Internally uses pd.DataFrame.sort_values() or pd.DataFrame.sort() if not available.

daul.pandas_utils.take_middle_n_rows(df, n, error_if_less=False)

Selects n middle rows of a frame.

Raises:

ValueError

If the df has less than n rows, and if error_if_less is set.

>>> df = pd.DataFrame({'col': ['a', 'b', 'c']})  
>>> take_middle_n_rows(df, 1)
  col
1   b
>>> take_middle_n_rows(df, 2)
  col
0   a
1   b
daul.pandas_utils.twocol_dict(df)

Creates a dictionary from the first two columns of a frame df (keys — the first column, values — the second column).

See also

twocol_listvaldict() for creating a list-valued dictionary.

>>> df = pd.DataFrame({'k': ['a', 'b'], 'v': ['x', 'y']})[['k', 'v']]
>>> df
   k  v
0  a  x
1  b  y
>>> twocol_dict(df)
{'a': 'x', 'b': 'y'}
daul.pandas_utils.twocol_dictf(df)

Creates a function that maps values from the first column of df to the values in the corresponding rows of the second column.

Note

Creates a dictionary using twocol_dict().

daul.pandas_utils.twocol_dictfd(df, default)
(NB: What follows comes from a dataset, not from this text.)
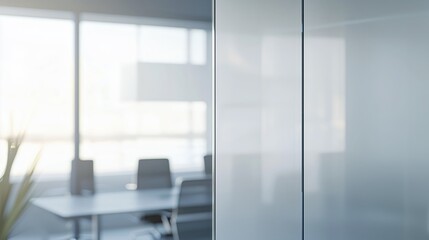 Modern office interior with frosted glass partition and natural light. Sleek conference room design with minimalist furniture and large windows. Professional workspace with blurred background 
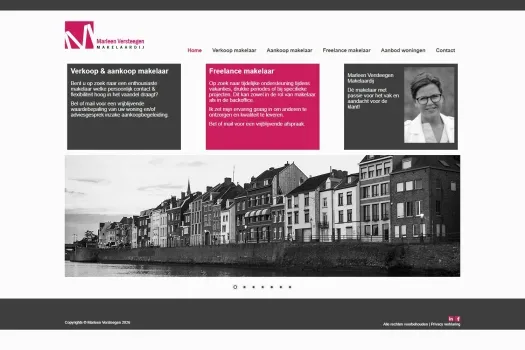 Screenshot van de website van marleenversteegen.nl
Creates a function that maps values from the first column of df to the values in the corresponding rows of the second column, with a default value default.

daul.pandas_utils.twocol_listvaldict(df)

Creates a dictionary from the first two columns of a frame df, (keys — the first column, values — list-aggregated values from the second column for the same key).

See also

twocol_dict().

>>> df = pd.DataFrame({'k': ['a', 'a', 'b'], 'v': ['c', 'd', 'e']})[['k', 'v']]
>>> df
   k  v
0  a  c
1  a  d
2  b  e
>>> twocol_listvaldict(df)
{'a': ['c', 'd'], 'b': ['e']}
daul.pandas_utils.twocol_listvaldictf(df)

Creates a function that maps keys from the first column of df into a list of values from the second column corresponding to the same key.

See also

The function is a wrapper over twocol_listvaldict().

daul.pandas_utils.twocol_listvaldictfd(df, default)

Creates a function that maps keys from the first column of df into a list of values from the second column corresponding to the same key (with a default value default, if no such key is found).

See also

The function is a wrapper over twocol_listvaldict().

daul.pandas_utils.update_column(df, col, values, copy=True)

Returns a copy of a frame df with column col set to values.

copy: bool
Whether to return a copy.
>>> adf = pd.DataFrame({'v': [0, 1, 2]})

If a column with the desirable label does not exists, a new one is created:

>>> bdf = update_column(adf, 'e', ['a', 'b', 'c'])
>>> list(bdf['e'])
['a', 'b', 'c']

If it does, the column will have new values:

>>> cdf = update_column(bdf, 'e', ['d', 'e', 'f'])
>>> list(cdf['e'])
['d', 'e', 'f']

Note that the previous frame remains the same.

>>> list(bdf['e'])
['a', 'b', 'c']
daul.pandas_utils.update_fixed_column(df, col, value, copy=True)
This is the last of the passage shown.